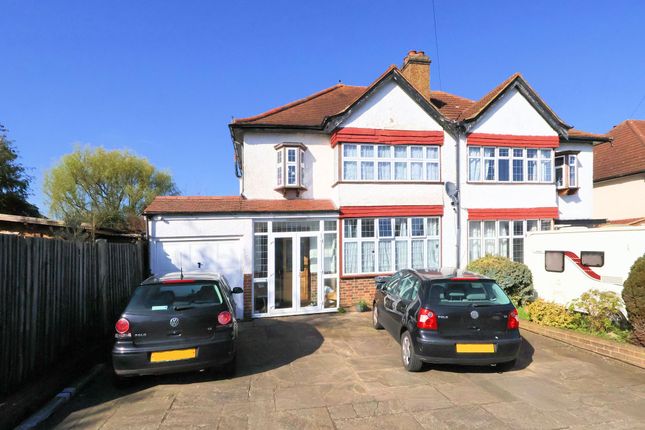 3 bed property, in Midholm Road, £600,000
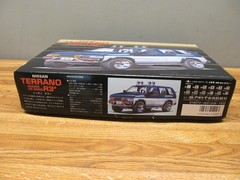 Aoshima NISSAN Terrano 4 Door V6 – 3000 R3 1:24 Scale Urban Custom Model Kit NOS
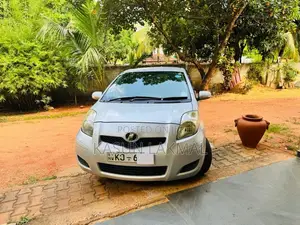 Toyota Vitz 2007 Car (Used)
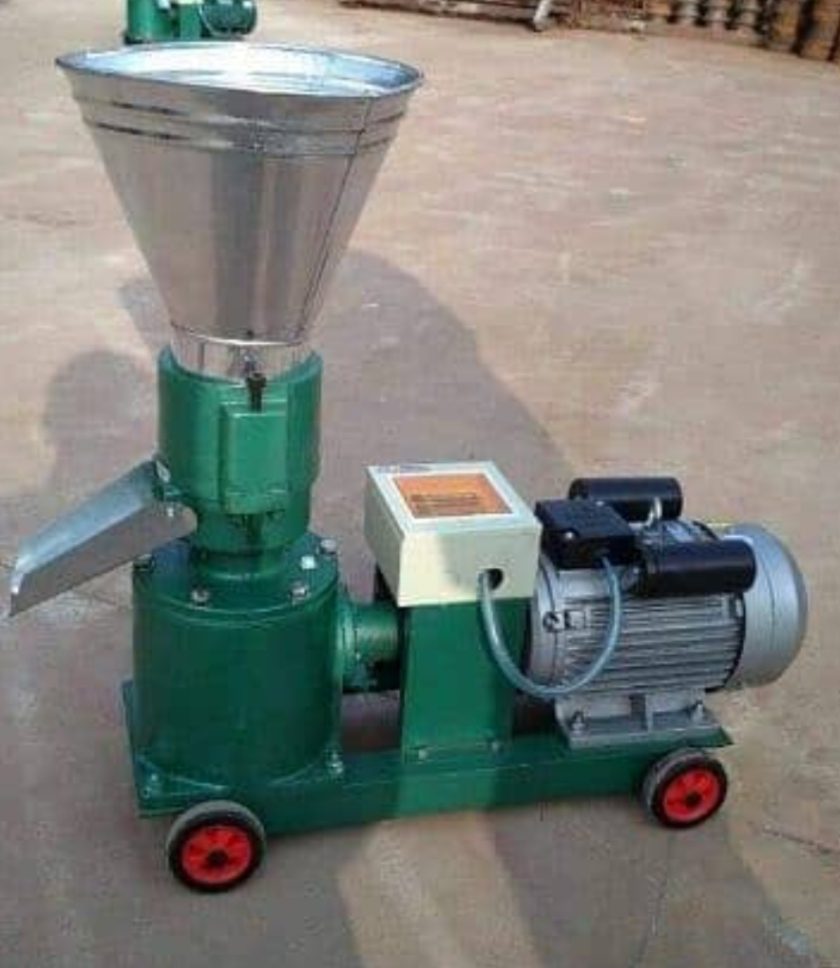 Presse à granulés avec trémie inox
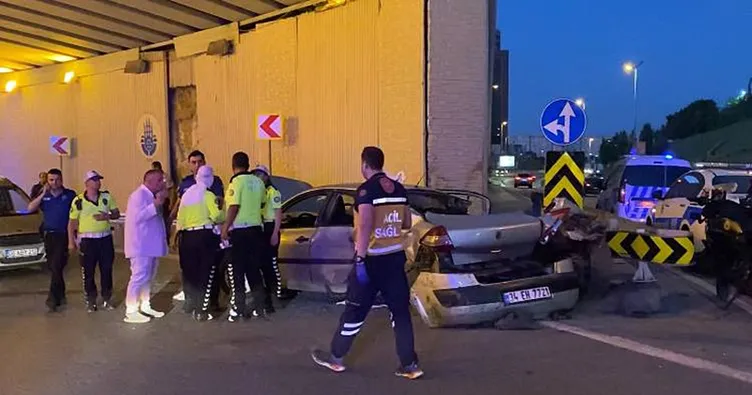 Bakırköy’de hafif ticari araç, otomobile çarptı: 5 kişi yaralandı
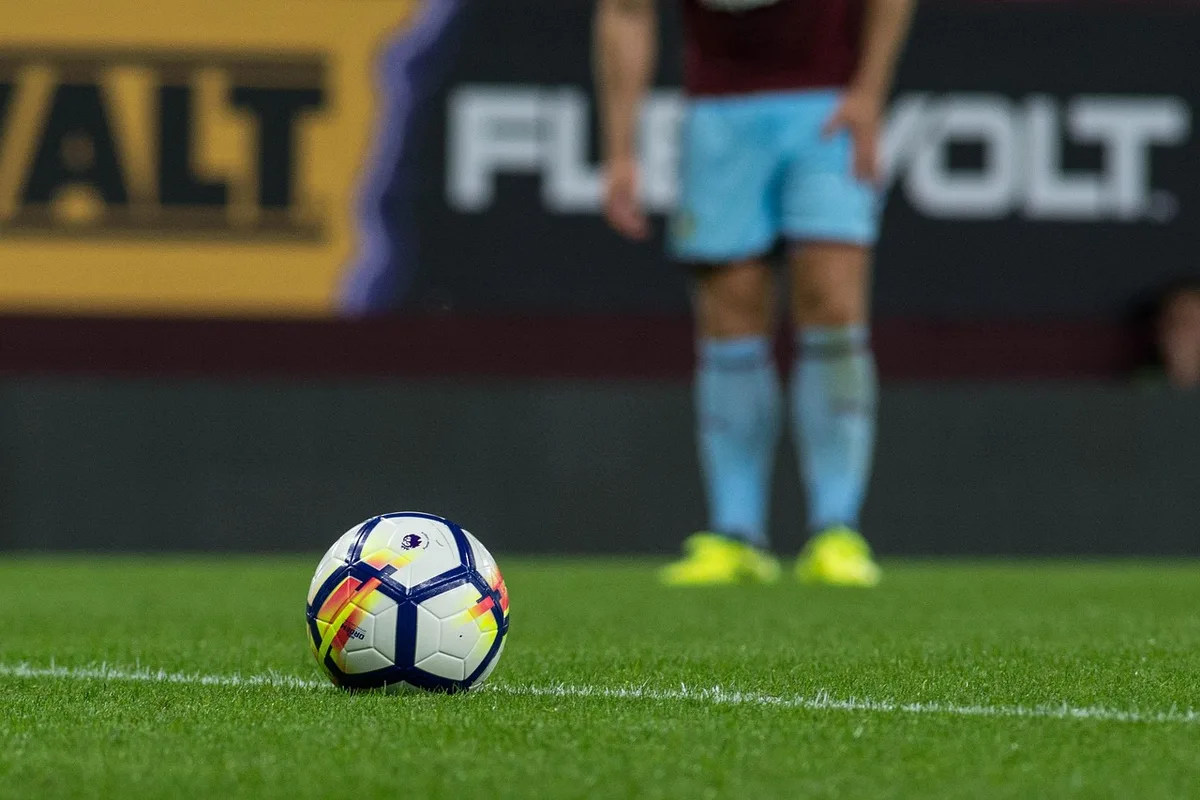 Fußballspiel in der Premier League mit Spieleraktion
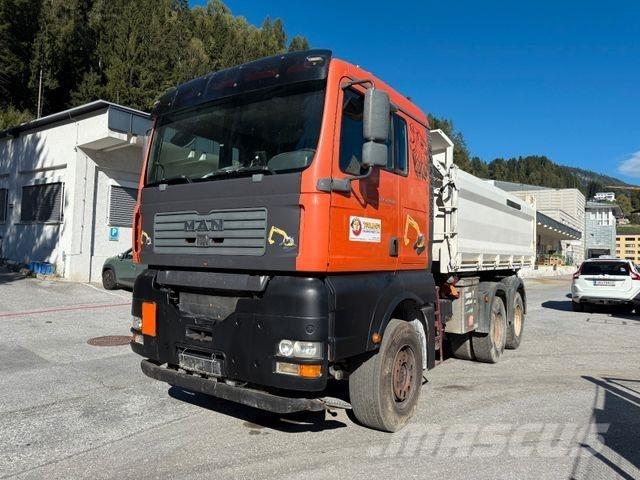 MAN TGA 33.530 Camion benne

__Problem statement__
Copy the records above exactly. Do not carry any picture into the copy.

__Exercise response__
 3 bed property, in Midholm Road, £600,000
 Aoshima NISSAN Terrano 4 Door V6 – 3000 R3 1:24 Scale Urban Custom Model Kit NOS
 Toyota Vitz 2007 Car (Used)
 Presse à granulés avec trémie inox
 Bakırköy’de hafif ticari araç, otomobile çarptı: 5 kişi yaralandı
 Fußballspiel in der Premier League mit Spieleraktion
 MAN TGA 33.530 Camion benne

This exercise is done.